Japanese University uses robots to hold virtual graduation under Lockdown
‘Graduation day’ has been pretty anticlimactic for students amid the coronavirus outbreak.
In most cases, graduates are getting their diploma through the mail which, if you’re opening the letter in your pyjamas at home, probably doesn’t feel all that special.
One university in Japan, however, is making sure their students get their fair share of the rite of passage.
The Business Breakthrough University (BBT) in Tokyo has found a genius way to make sure they still honour the students graduating from college – using technology.
Since students couldn’t attend their graduation ceremony, the university enlisted the help of robots.
The robots, wearing tablets with some of the students’ faces on it (it would be too hard to show every student’s face), rotated around the room while wearing a graduation cap and gown.
They also had arms to accept their degrees and were remotely operated by a small number of students with experience in handling them.

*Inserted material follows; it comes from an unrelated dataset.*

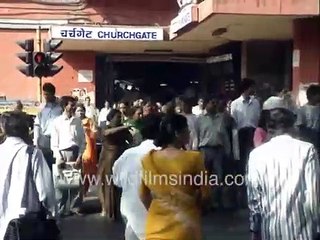 Churchgate Railway Station and traffic - Bombay in 1990's - rare archival footage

The students operating the ‘newme’ robots from their homes had their faces on the tablet screen as they went up to collect degrees on behalf of their graduate mates.
Logistically, it would’ve taken hours and a lot of technical effort to switch the screens and show every graduate.
So the robot geniuses were picked to stand in for the rest of their peers.
The remaining graduates watched online from Zoom as their names were called out.
Distinguished professors and university staff were still at hand, though few in numbers to avoid a mass gathering amid the coronavirus lockdown.